TEMPO.CO, Bangkalan - Pengusaha kuliner di Kabupaten Bangkalan, Jawa Timur, mengeluhkan aneka pajak yang harus dibayar kepada Pemerintah Kabupaten Bangkalan. Salah satunya, pajak yang dihitung berdasarkan jumlah piring kotor setiap harinya di restoran atau rumah makan.
"Ini kan aneh, kok pajak dihitung berdasarkan jumlah piring?" ucap Nal, pemilik rumah makan bebek terkenal di Bangkalan, mempertanyakan hal itu, Senin, 23 Februari 2015.
Baca Juga:
Nal menilai pungutan itu memberatkan karena metode pembayarannya terpisah dengan pajak rutin bulanan dan tahunan. "Makanya, kami tidak mau membuka berapa besar pendapatan kami setiap bulan, takut dicatat orang pemerintah. Nanti pajaknya dinaikkan lagi," ujarnya.

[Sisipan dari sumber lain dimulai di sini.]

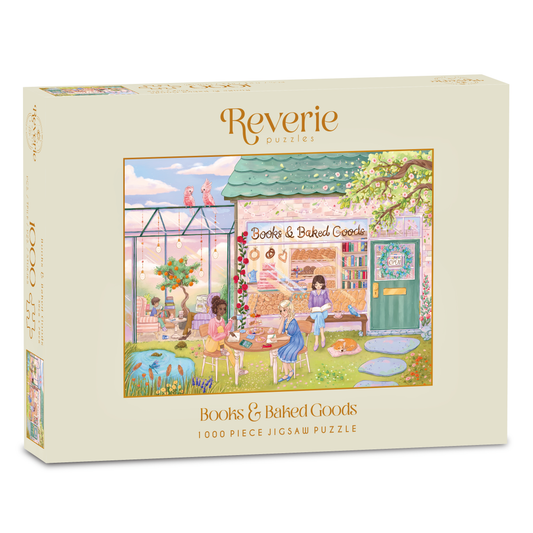 Books & Baked Goods Jigsaw Puzzle (1000 Pieces)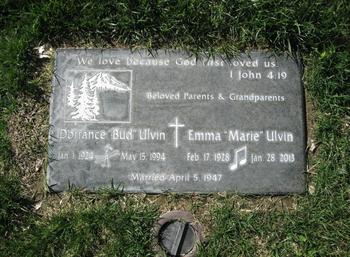 Ulvin,   Dorrance Stanley Glenn ('Bud') gravesite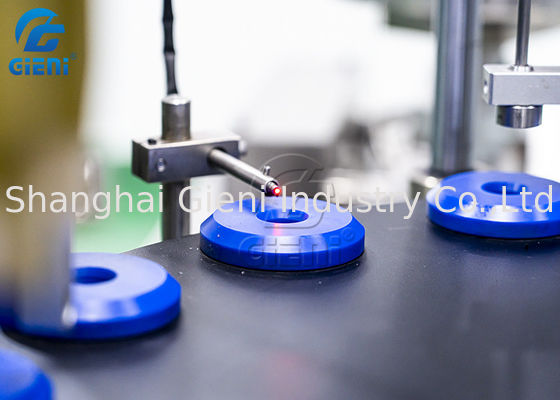 Döner Tip Maskara Kozmetik Dolum Makinesi PLC Kontrolü 60pcs / Min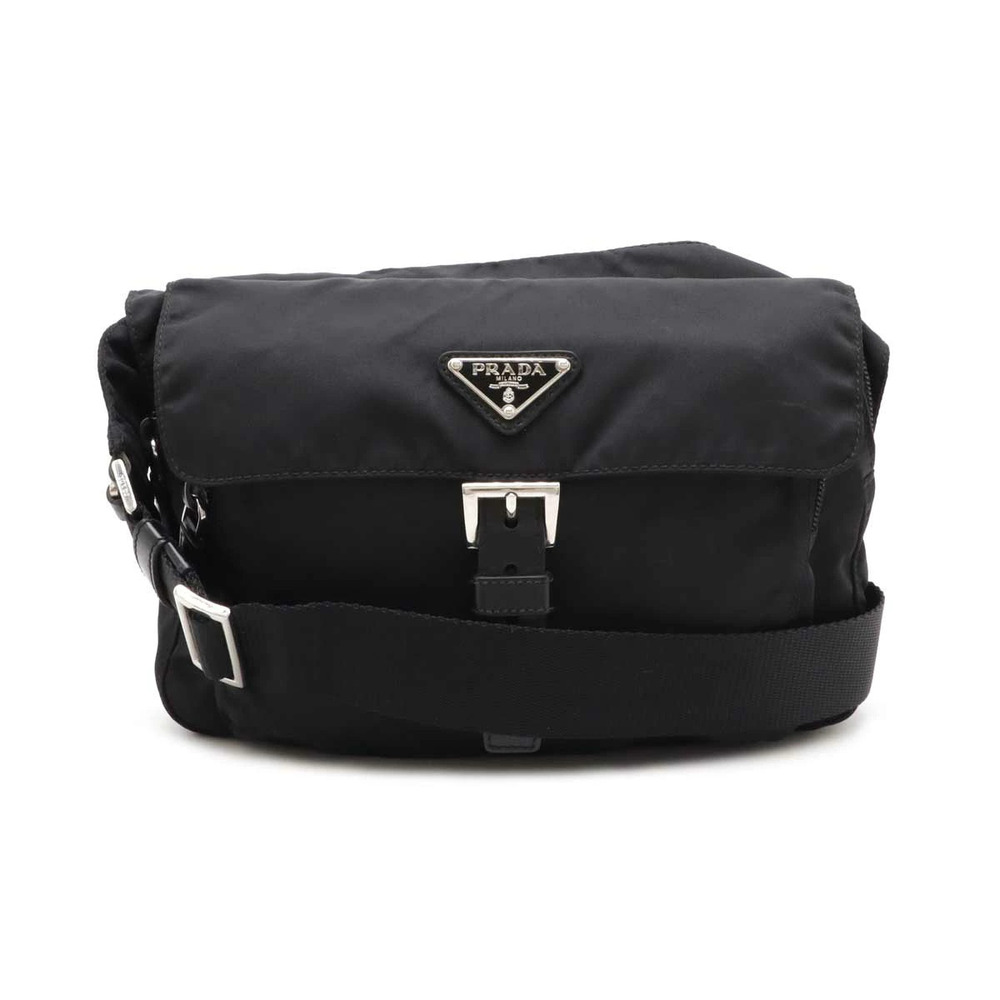 Prada Crossbody Bag Leather NERO Black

Kepala Dinas Pendapatan Kabupaten Bangkalan Setia Budi tidak menampik adanya kebijakan pajak “piring” tersebut. Namun, tutur dia, pajak tersebut bukan dihitung berdasarkan jumlah piring, melainkan berdasarkan jumlah pengunjung setiap harinya. "Pajak ini legal, diatur dalam Undang-Undang Pajak Daerah dan Retribusi. Namanya intensifikasi pajak," katanya.
Ia menjelaskan, intensifikasi pajak tidak dibebankan kepada pengusaha restoran. Retribusi itu dibebankan kepada setiap orang yang makan, yang penagihannya melalui pemilik usaha. Besaran retribusi, ujar Setia, 10 persen dari harga hidangan yang dibeli pelanggan. "Kalau harga makannya Rp 12 ribu, maka orang yang makan dikenai pajak Rp 1.200," tuturnya.
Menurut Setia, intensifikasi pajak ini hanya dikenakan kepada pengusaha kuliner yang memiliki banyak pelanggan. Sedangkan restoran yang sepi pembeli tidak dikenai intensifikasi pajak. "Intensifikasi ini besarannya naik setiap tahun," katanya.